Still, the hefty contract he received from Paul Allen last year — worth about $27.5 million — provides little comfort on nights like these, when he has to answer questions about Portland's lack of effort.
Unlike his first trip home, in which the buzz surrounding his homecoming carried Portland to an emotional victory, McMillan's second visit to Seattle resulted in a 122-83 Sonics victory that had many wondering if the Trail Blazers quit on their coach.
"Did they stop playing?" McMillan asked. "Did they stop playing? I think mentally, it was difficult to fight back with such a large deficit. Do you have that fight? Do you have that pride to fight through it, play through it and try to work your way thought it?
"You guys saw what I saw. We got kicked tonight."
The Sonics avenged their 116-111 defeat to Portland on Jan. 30, extended the Trail Blazers' string of losses to 11, stopped Seattle's two-game losing streak and erased the bitter taste of last week's 115-87 defeat to Houston.
"That was not us [last week]," said Seattle's Damien Wilkins, who played in place of injured Rashard Lewis on Sunday. "I don't know who that team was. That was a horrible game. We can't play that way and beat anyone. To come back and get a win like we did tonight does a lot for our confidence."
With Wilkins scoring 20 points on 9-for-11 shooting, the Sonics didn't have much need for Lewis, who rested his sprained right ankle and is listed as questionable for Tuesday's game against Houston.
Ray Allen carried the Sonics' scoring load early and departed for the bench midway in the third quarter. Before leaving, he accumulated a game-high 24 points on 7-for-13 shooting and had six rebounds and six assists.
Earl Watson also tossed in 23 points and sank six three-pointers, tying his career high. Combined with Allen and Wilkins, the trio nearly gave Seattle all the points it needed because of a renewed commitment to defense.

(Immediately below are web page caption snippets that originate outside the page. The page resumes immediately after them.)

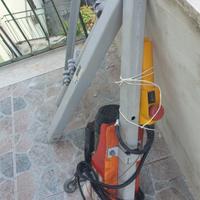 montacarico completo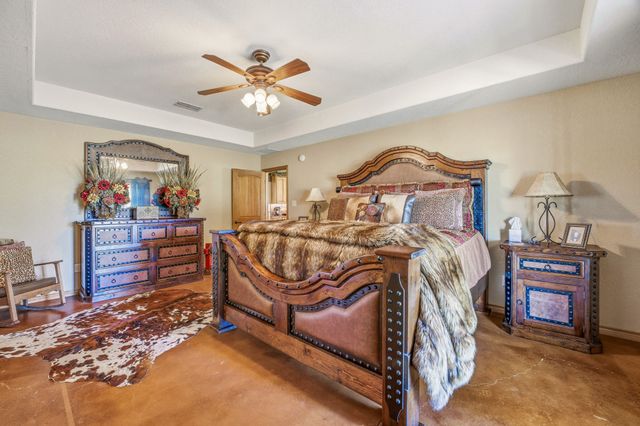 2548 Fm 1496, Dublin, TX 76446
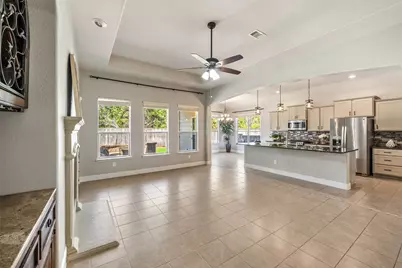 184 W Heritage Mill Circle, Tomball, TX 77375 - Photo 20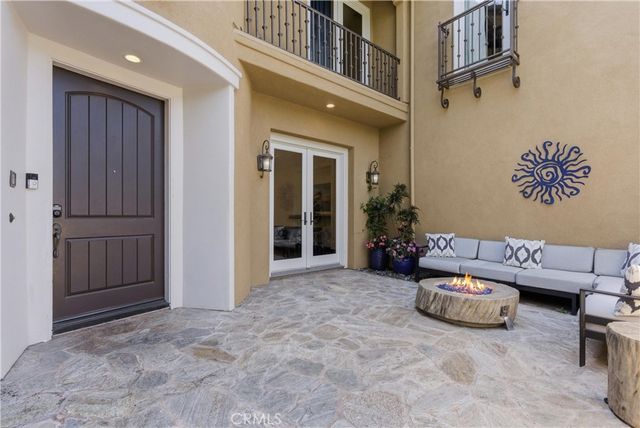 31491 Carril De Maderas, San Juan Capistrano, CA 92675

"Everything came together defensively," Sonics coach Bob Hill said. "They talked. They rebounded. We got deflections. We contested shots. Our defense was clearly the best it's been all season. We got a lot of points off our defense and that was pretty much it."
The Sonics (30-43) collected a season-high 52 rebounds and held the Blazers to 39 percent shooting (30 of 77). Portland's 83 points were the second fewest for a Seattle opponent this season.
For much of the contest, the Blazers (20-53) appeared to feign interest and looked as if they'd rather be anywhere else. Before the game, McMillan spoke at length about motivating his team and the difficulties he has had this season.
All the Blazers' troubles were on display in the first quarter when they fell behind 34-19. Just past the midway point in the second period, they were done, as the Sonics repeatedly took advantage of their inability to retreat on defense.
Allen caught the Portland defense napping when he skipped a bounce pass across the court to Luke Ridnour for a layup that gave Seattle a 61-33 lead.
On the next possession, Allen threw over the top of backpedaling defenders to Wilkins, who sank a layup that gave Seattle a 30-point lead.
"Just an all-around good win," Hill said. "One of our best."
There hadn't been many opportunities for Sonics fans to laugh with their team this season, and the game gave Sonics starters a chance to pad their stats, gave reserves a chance to play and gave many in the announced crowd of 15,131 a rare chance to savor a blowout victory.
Chris Wilcox finished with 18 points and 13 rebounds, Ridnour had 10 points and eight assists and Robert Swift had 10 points.
The positive feelings from the game were tempered when rookie center Johan Petro took an elbow from Portland's Joel Przybilla in the third quarter, breaking Petro's nose. He's expected to miss at least the next week.
"For everybody else, it was a good game, but not [for] me," Petro said. "I'm happy for them, but I feel very bad. This isn't how I wanted to end my first year."